[SUPPLIED MATERIAL]
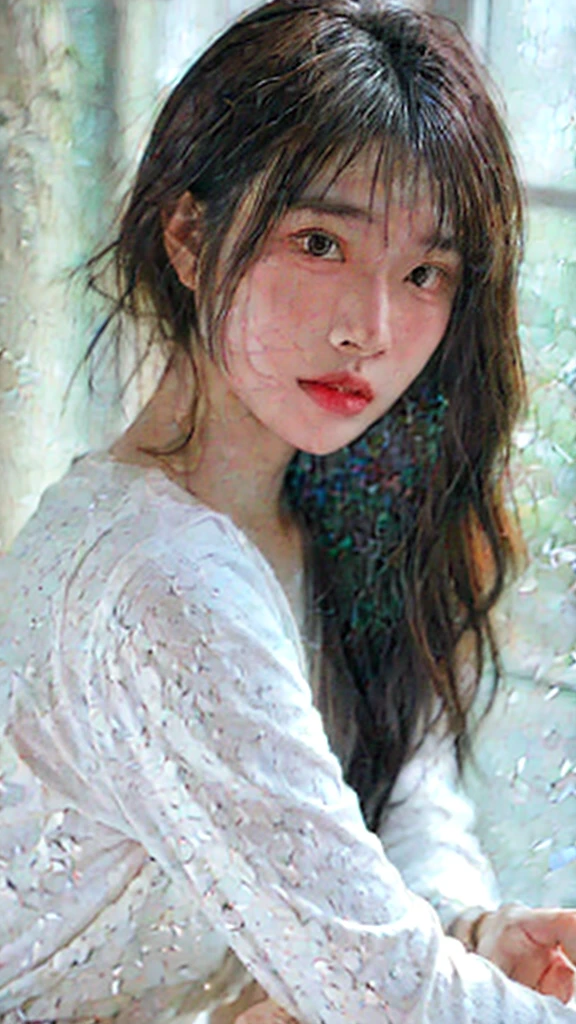 korean boy, young, with silver hair with black and white highlights, his eyes of a light color, his dress is casual , modern and at the same time not so casual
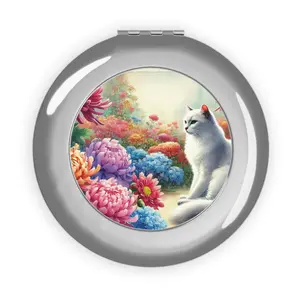 November Birth Flower - Cat Lover - Compact Travel Mirror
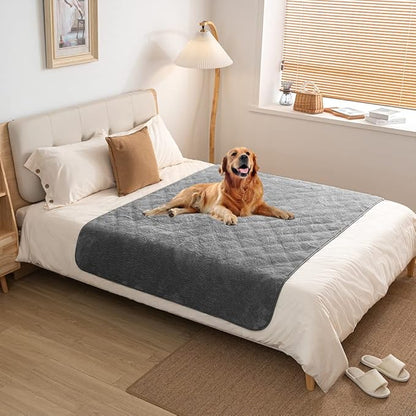 Waterproof & Anti-Slip Washable Faux Fur Dog Bed Cover and Pet Blanket Couch Cover Sofa Pet Bed Mat ，car Incontinence Mattress Protectors Furniture for Most Cats Dogs Pets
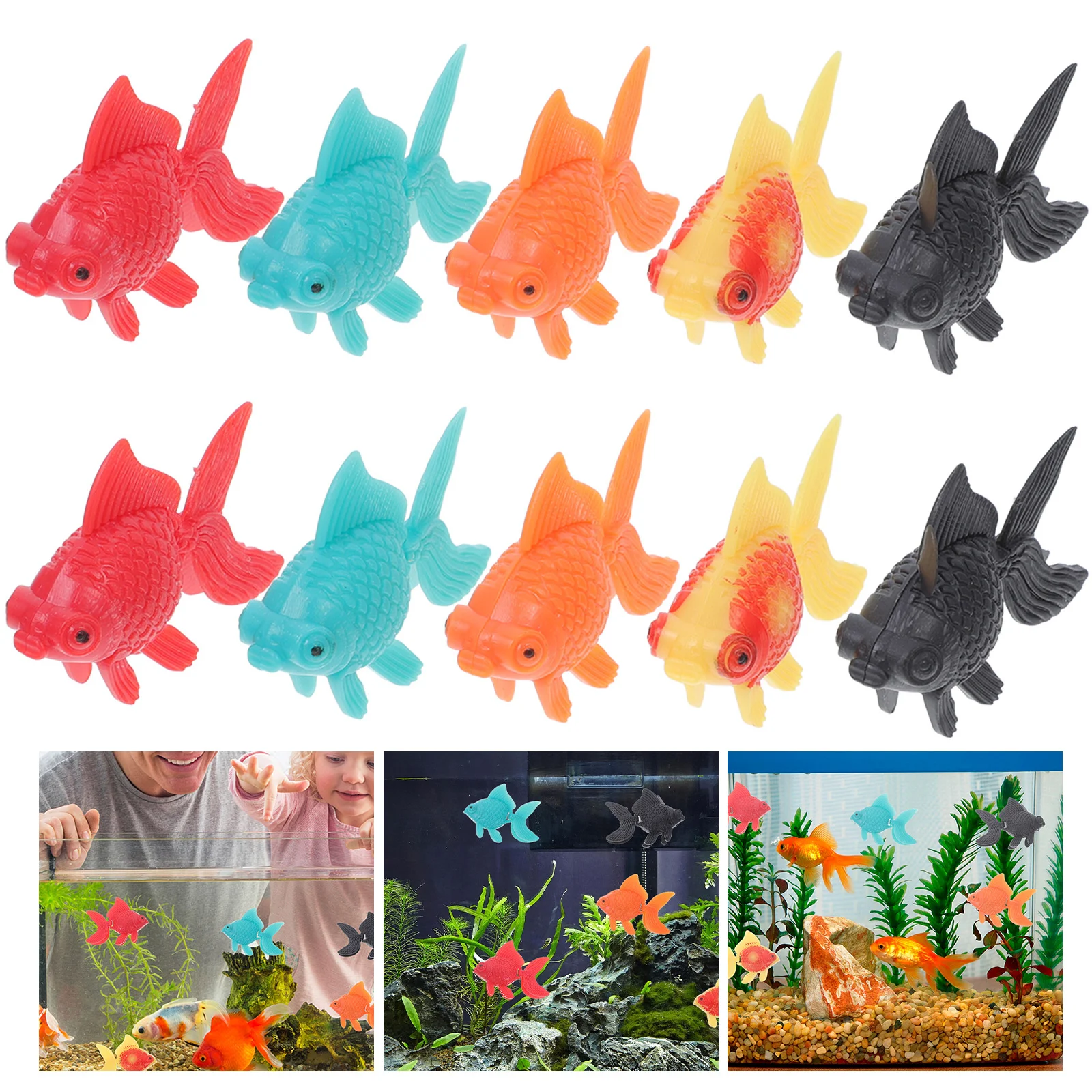 10 Pcs Aquarium Artificial Goldfish Child Bowl Figure Toy Plastic Decoration Tank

[THE TASK] The material should be returned verbatim, with all images omitted.

[ANSWER SPACE]
 korean boy, young, with silver hair with black and white highlights, his eyes of a light color, his dress is casual , modern and at the same time not so casual
 November Birth Flower - Cat Lover - Compact Travel Mirror
 Waterproof & Anti-Slip Washable Faux Fur Dog Bed Cover and Pet Blanket Couch Cover Sofa Pet Bed Mat ，car Incontinence Mattress Protectors Furniture for Most Cats Dogs Pets
 10 Pcs Aquarium Artificial Goldfish Child Bowl Figure Toy Plastic Decoration Tank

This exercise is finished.